Reinforcement learning has been widely successful in producing agents capable
of playing games at a human level. However, this requires complex reward
engineering, and the agent's resulting policy is often unpredictable. Going
beyond reinforcement learning is necessary to model a wide range of human
playstyles, which can be difficult to represent with a reward function. This
paper presents a novel imitation learning approach to generate multiple persona
policies for playtesting. Multimodal Generative Adversarial Imitation Learning
(MultiGAIL) uses an auxiliary input parameter to learn distinct personas using
a single-agent model. MultiGAIL is based on generative adversarial imitation
learning and uses multiple discriminators as reward models, inferring the
environment reward by comparing the agent and distinct expert policies. The
reward from each discriminator is weighted according to the auxiliary input.

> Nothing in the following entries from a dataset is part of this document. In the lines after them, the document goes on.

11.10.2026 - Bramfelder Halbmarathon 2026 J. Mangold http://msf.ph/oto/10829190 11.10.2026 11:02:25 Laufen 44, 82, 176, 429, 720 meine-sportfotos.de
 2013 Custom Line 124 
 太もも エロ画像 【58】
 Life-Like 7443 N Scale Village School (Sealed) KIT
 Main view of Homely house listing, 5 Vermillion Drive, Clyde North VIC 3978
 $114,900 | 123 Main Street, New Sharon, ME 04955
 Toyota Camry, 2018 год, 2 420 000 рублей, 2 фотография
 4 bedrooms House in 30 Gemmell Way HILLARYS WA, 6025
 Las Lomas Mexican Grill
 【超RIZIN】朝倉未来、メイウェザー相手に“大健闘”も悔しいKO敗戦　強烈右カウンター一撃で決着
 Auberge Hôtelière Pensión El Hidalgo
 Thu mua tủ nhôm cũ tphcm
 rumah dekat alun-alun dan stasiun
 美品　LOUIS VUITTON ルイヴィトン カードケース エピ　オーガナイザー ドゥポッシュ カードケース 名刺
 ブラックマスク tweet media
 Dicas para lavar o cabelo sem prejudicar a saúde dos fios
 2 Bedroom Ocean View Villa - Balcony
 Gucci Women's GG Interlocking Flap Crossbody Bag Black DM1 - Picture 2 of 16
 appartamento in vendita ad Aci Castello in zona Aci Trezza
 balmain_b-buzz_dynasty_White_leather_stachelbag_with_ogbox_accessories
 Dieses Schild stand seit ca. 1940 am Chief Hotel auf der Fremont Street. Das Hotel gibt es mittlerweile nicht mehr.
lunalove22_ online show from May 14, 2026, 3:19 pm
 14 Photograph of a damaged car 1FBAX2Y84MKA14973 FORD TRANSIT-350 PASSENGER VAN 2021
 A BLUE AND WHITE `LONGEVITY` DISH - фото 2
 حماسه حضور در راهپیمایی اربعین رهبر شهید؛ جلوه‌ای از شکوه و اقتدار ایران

Our experimental analysis demonstrates the effectiveness of our technique in
two environments with continuous and discrete action spaces.

本论文提出了一种用于玩家测试的多重个人策略生成的新型模仿学习方法 —— 多模态生成对抗模仿学习（MultiGAIL），其使用辅助输入参数来学习不同的个人策略，基于生成对抗模仿学习的多重判别器作为奖励模型，通过比较代理和不同专家策略来推断出环境奖励，并根据辅助输入对每个判别器的奖励进行加权。实验分析证明了我们的技术在连续和离散行动空间的两个环境中的有效性。